King Business Interiors’ Downtown Showroom Explores New Ways to Work

Taking a look inside King Business Interiors Downtown showroom doesn’t just mean looking at office furniture, but on closer examination says a lot about the trends in how and where people prefer to do their work. The business is also finding new ways to utilize the space around these trends, helping other businesses large and small in the process.

KBI chose to open a Downtown location at 175 on the Park in summer of 2014 for three reasons. First was the the energy and activity building in the area, especially around the Columbus Commons. Second was the proximity to the architecture and design firms, banks and law firms that make up its customer base.

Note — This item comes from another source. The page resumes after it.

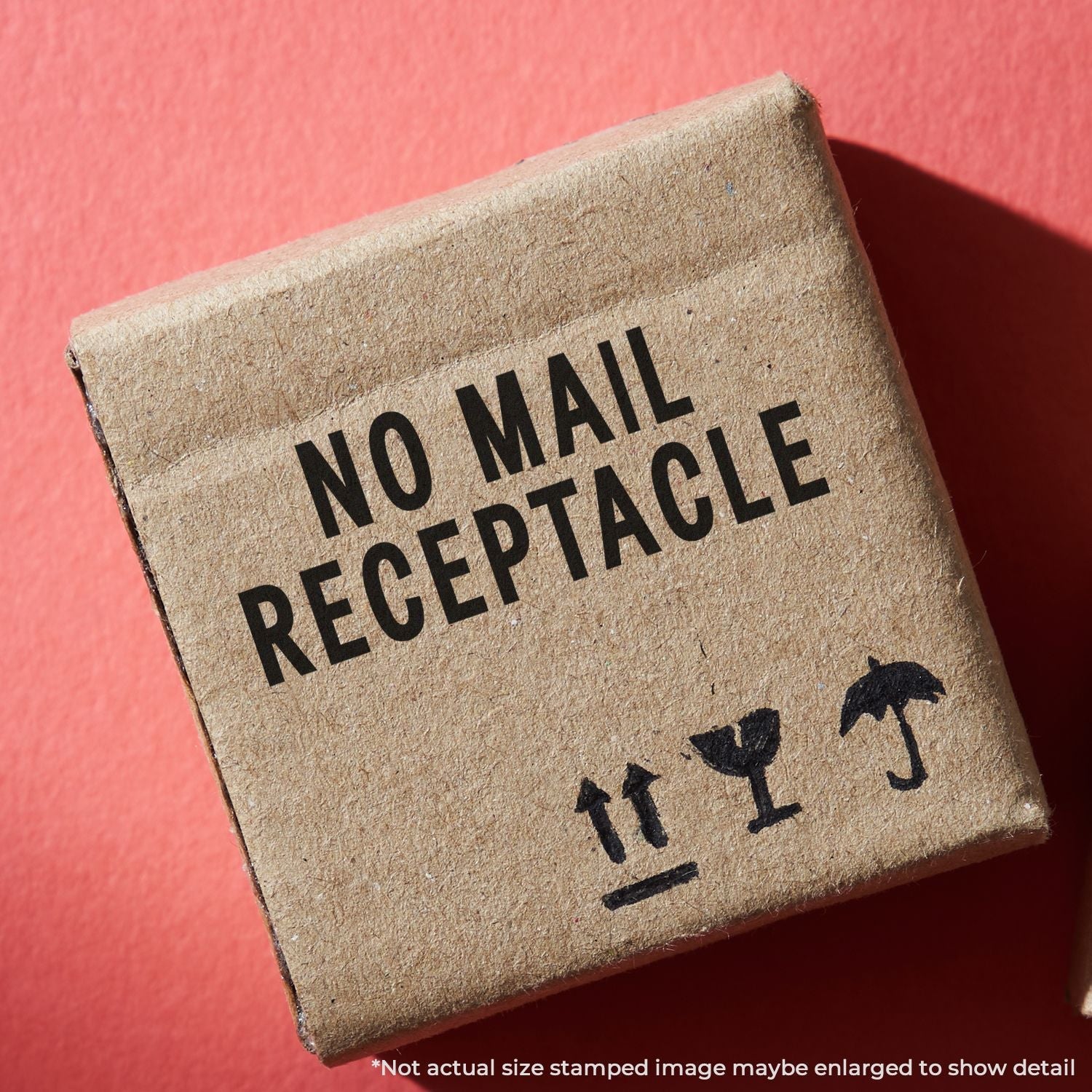 A cardboard box stamped with NO MAIL RECEPTACLE using the Self Inking No Mail Receptacle Stamp on a red background.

And third was to highlight their main manufacturer’s designs that promote the ‘new’ way of working.


Interior Designer Chelsea King says that cubicle walls are coming down and open office environments are becoming more the norm. Workers are no longer chained to a desk, but instead find collaboration in ‘third spaces,’ those areas like lounges, coffee stations and high-top tables outside an individual’s desk or a conference room.

In a showroom full of high-quality furniture offering a variety of set-ups and spaces, KBI is able to leverage both their own employees and a small group of coworkers to figure out the ins and outs of what working in an open office environment really means.

KBI President Darla King is a member of the Columbus Chapter of the National Association of Women Business Owners. She found that many of her peers in the group were looking for places to work outside of their homes. King, along with three other women, began working out of the space as needed.

“We are seeing a lot more people working anywhere they want to versus being forced to go into a long-term lease or in a building that they don’t want to be in,” Darla says. “It gives everybody that flexibility and that variety. It also gives us the opportunity to have some energy down here.” 


The showroom has all the traditional amenities of a typical coworking space – coffee, kitchenette, copier/printer, a physical address, conference rooms – plus the bonus of IT support. It also gives KBI and its clients a chance to see how people physically interact with the space and the furniture. The coworkers are then able to provide independent feedback on their experience working in an open environment.

At times, KBI has also had its own employees work out of the space. Chelsea explains that with these new types of open-office layouts come new rules and etiquette for working.

It’s like a lab for us, we use it and learn from that and then help customers solve problems that we’ve already run into hands-on,” Chelsea says. 

New office furniture and a change of space can be a big shift for some employers, but KBI is able to not only offer the furniture, but a knowledge-base of how to work with it.

“People are designing today with a lot less space, getting more people in less real estate and that’s what this 3,000 square feet explains and shows,” Darla says. 


While KBI uses the space for its intended showroom purpose frequently, hosting three to four presentations a week (and the coworkers just keep right on going), the business is rounding out the space’s multifunctionality by hosting events. The space and its conference rooms host meetings, happy hours and more.

Darla says that as they have recently really opened up the showroom to coworking and continuing to discover how they can use it for the business, they are taking it day by day. A selective group of additional coworkers could be a possibility, but for now its a great source for showing and gaining knowledge about open offices.